As I’m not a lawyer or Constitutional scholar, I’ll leave the analysis of those bills to someone else. (I will note, however, that more than one attorney who specializes in First Amendment jurisprudence has told me Congress simply lacks the power to offer a new definition of obscenity, because that’s the job of the courts, which have already set the Miller Test as the standard – and which have declined on several occasions to amend that test.)

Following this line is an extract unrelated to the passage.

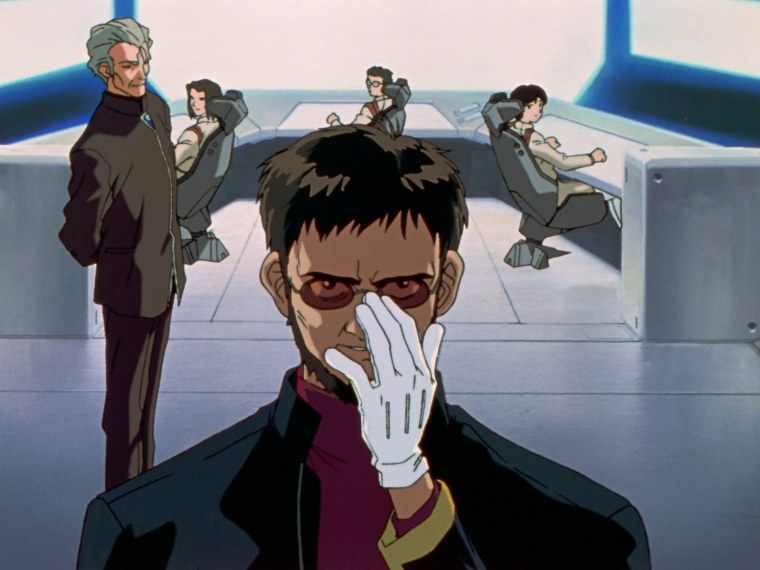 Отблеск в очках аниме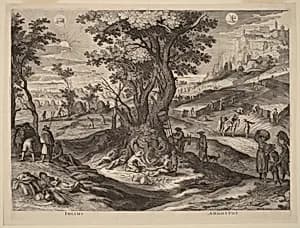 July and August by Aegidius Sadeler II after Paul Bril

Instead of criticizing Lee’s bills, I’m going to helpfully offer some ideas for a new and different bill, one with a much broader scope than IODA or SCREEN. The way I see it, to merely stretch the bounds of the Constitution and key definitions that shape the contours of the First Amendment is a half-measure, when what this country needs is a bold, decisive, no-rights-barred approach to eviscerating all protections for any and every one of life’s small pleasures that isn’t explicitly endorsed in the Bible — and the Book of Mormon, of course, because how could I leave that tome out when I’m trying to appeal to Mike Lee, a member of the Church of LSD LDS?
So, America, without further ado, allow me to introduce you to the Narrowing Options For Unamerican Nonsense (“NO FUN”) Act.
To be clear, they haven’t drafted the full text of the bill yet, but my talented, hardworking, but admittedly nonexistent staff assures me they’re working on it. I can still give you the gist, though.
Under the NO FUN Act, Americans will no longer be allowed to smoke, sing, dance, drink, fuck (other than for the purpose of omnipotent-deity-sanctioned procreation, of course!), play sports, play video games (other than Joseph Smith’s Tomb Raider) publish or read anything other than the (correct) scripture, or to watch each other do any of the above things.
This might sound extreme, insane, unconstitutional and dumb – and the NO FUN Act is all those things and more, to be sure – but we’re trying to save America here, people. And as Barry Goldwater once should have said: “Extremism in defense of Real American Values is no vice – and moderation in pursuit of ridding the world of all things that are even remotely enjoyable is no virtue.”
Just think of how much calmer, safer and more godly America will become when everyone is restricted from doing anything other than work, worship and eat!
Granted, after passing the NO FUN Act, we’ll need to come up with some reasonably extreme federal regulations regarding that “eat” part, lest we allow people a moment of sinful mirth at the dinner table. You know what they say: “Eat, but don’t drink and don’t be merry, for tomorrow you may die – and you’d best be wearing your magic underwear when that happens.”